We use blue to highlight the deliverables that you must answer/do/submit with the assignment.
1 Finding Similar Items
For this question we’ll use the Amazon product data set1 from http://jmcauley.ucsd.edu/data/amazon/. We will focus on the “Patio, Lawn, and Garden” section. You should start by downloading the ratings at https://stanford.io/2Q7QTvu and place the file in your data directory with the original filename. Once you do that, running python main.py -q 1 should do the following steps:
• Load the raw ratings data set into a Pandas dataframe.
• Construct the user-product matrix as a sparse matrix (to be precise, a scipy.sparse.csr_matrix).
• Create bi-directional mappings from the user ID (e.g. “A2VNYWOPJ13AFP”) to the integer index into the rows of X.
• Create bi-directional mappings from the item ID (e.g. “0981850006”) to the integer index into the columns of X.
1.1 Exploratory data analysis
1.1.1 Most popular item
Rubric: {code:1}
Find the item with the most total stars. Submit the product name and the number of stars.
Note: once you find the ID of the item, you can look up the name by going to the url https://www.amazon.com/dp/ITEM_ID, where ITEM_ID is the ID of the item. For example, the URL for item ID “B00CFM0P7Y” is https://www.amazon.com/dp/B00CFM0P7Y.
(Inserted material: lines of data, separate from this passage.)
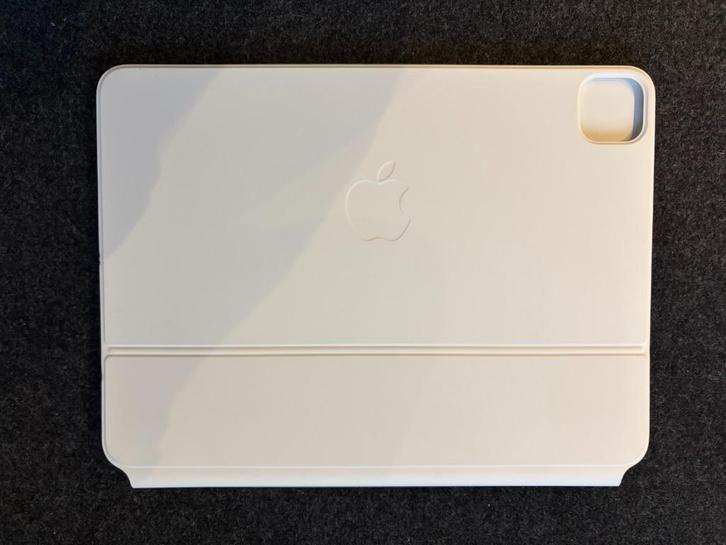 Apple Magic Keyboard iPad 11” – Origineel – €195, Computers en Software, Toetsenborden, Zo goed als nieuw, Qwerty, Draadloos, Opvouwbaar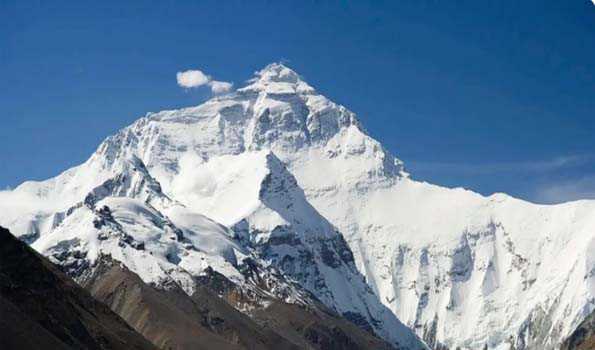 Indian climber dies during Everest bid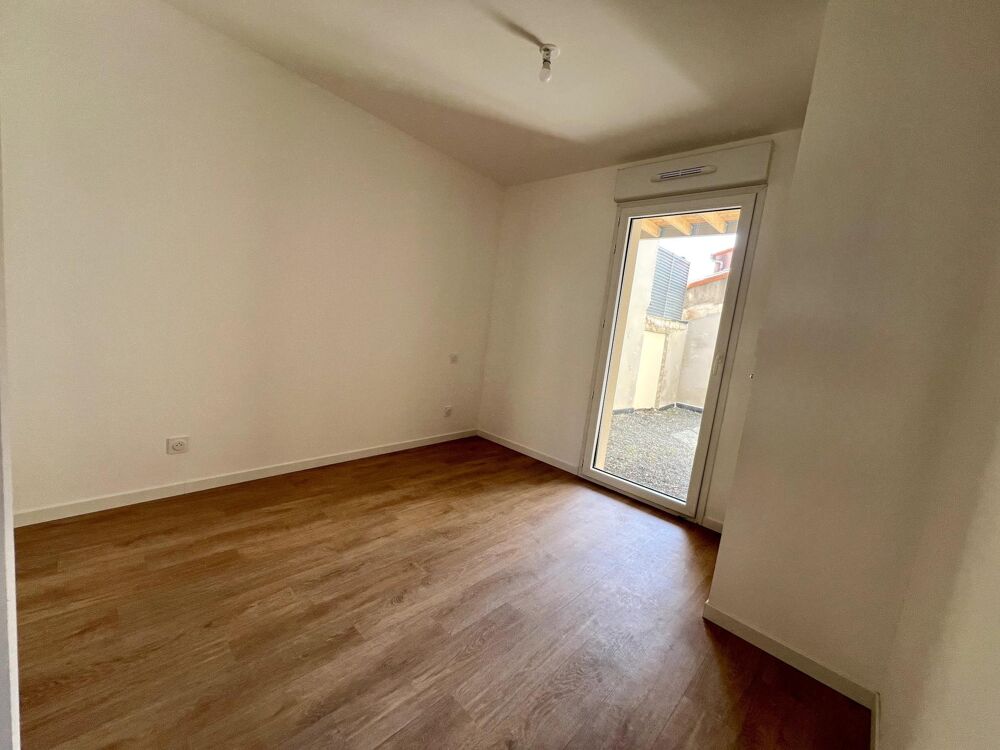 Vente Appartement Appartement en souplex, 1 chambre, stationnement fermé. Vallet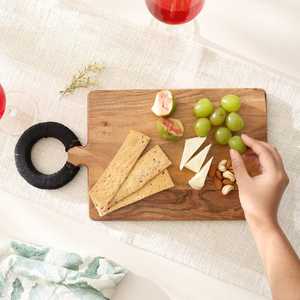 Trending Wooden Chopping Board Classic Design High Quality Cutting Board Cheese Serving Tray Handmade Durable <b>Kitchen</b> Use - Product Image 2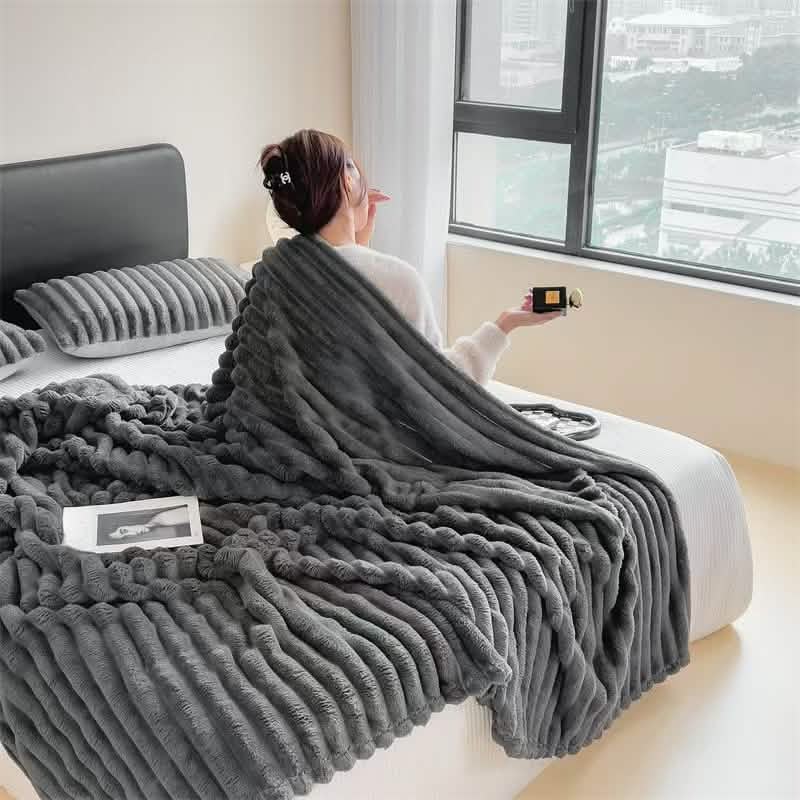 Ultra-Soft Double-Sided Fleece Blanket – Gray Striped | All-Season Comfort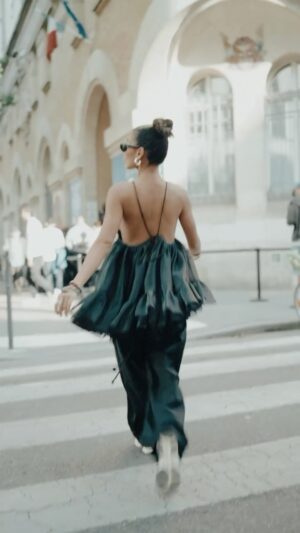 Rajo Laurel Instagram - LIVING FOR THIS! @pressmanissa in our “JEAN” top! From our #RAJOXMARTIN COLLAB w @martinmbautista @therajostore @powerplantmall @shangrilaplazaofficial & www.rajolaurel.com ❤️❤️❤️ She’s like a modern day #hollygolightly
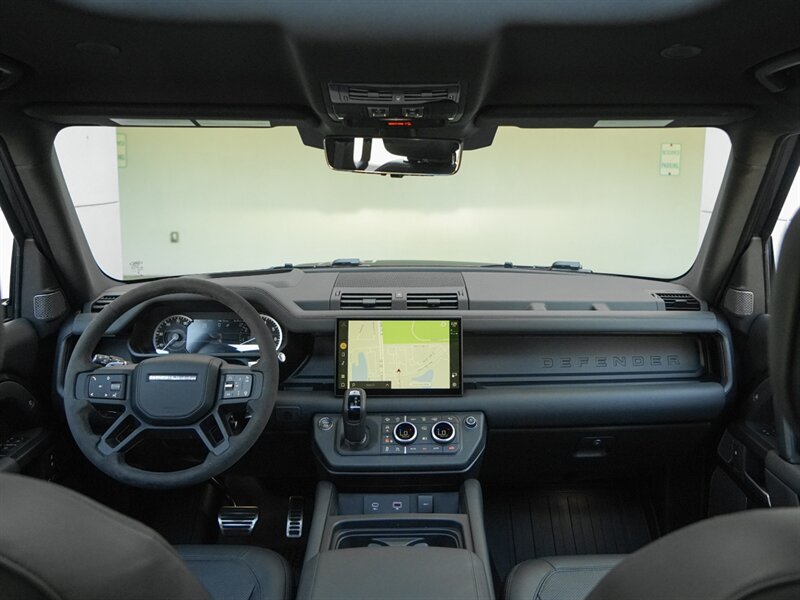 2023 Land Rover Defender 110 V8 Carpathian Edition - Photo 31 - Bonita Springs, FL 34134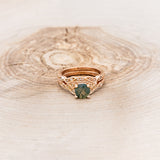 "AIFE" - CELTIC KNOT ROUND CUT MOSS AGATE ENGAGEMENT RING AND TRACER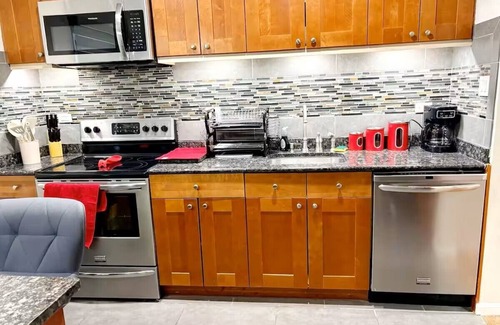 Hicksville Casa | Newly Stunningly Updated 4-bedroom house in lovely Hicksville with WiFi, AC.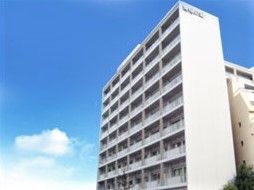 各フロアにベランダが付いた大きな白い建物は、高層マンションのような外観。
1 The author of the data set has asked for the following citations: (1) Ups and downs: Modeling the visual evolution of fashion trends with one-class collaborative filtering. R. He, J. McAuley. WWW, 2016, and (2) Image-based recommendations on styles and substitutes. J. McAuley, C. Targett, J. Shi, A. van den Hengel. SIGIR, 2015.
1
1.1.2 User with most reviews
Rubric: {code:1}
Find the user who has rated the most items, and the number of items they rated.
1.1.3 Histograms
Rubric: {code:2}
Make the following histograms:
1. The number of ratings per user
2. The number of ratings per item
3. The ratings themselves
Note: for the first two, use plt.yscale(’log’, nonposy=’clip’) to put the histograms on a log-scale.
Also, you can use X.getnnz to get the total number of nonzero elements along a specific axis.
1.2 Finding similar items with nearest neighbours
Rubric: {code:6}
We’ll use scikit-learn’s neighbors.NearestNeighbors object to find the items most similar to the example item above, namely the Brass Grill Brush 18 Inch Heavy Duty and Extra Strong, Solid Oak Handle, at URL https://www.amazon.com/dp/B00CFM0P7Y.
Find the 5 most similar items to the Grill Brush using the following metrics (Make sure to include the code you have written in your pdf GradeScope submission.):
1. Euclidean distance (the NearestNeighbors default)
2. Normalized Euclidean distance (you’ll need to do the normalization)
3. Cosine similarity (by setting metric=’cosine’)
Some notes/hints...
• If you run python main.py -q 1.2, it will grab the row of X associated with the grill brush. The mappers take care of going back and forther between the IDs (like “B00CFM0P7Y”) and the indices of the sparse array (0, 1, 2, . . .).
• Keep in mind that scikit-learn’s NearestNeighbors is for taking neighbors across rows, but here we’re working across columns.
• Keep in mind that scikit-learn’s NearestNeighbors will include the query item itself as one of the nearest neighbours if the query item is in the “training set”.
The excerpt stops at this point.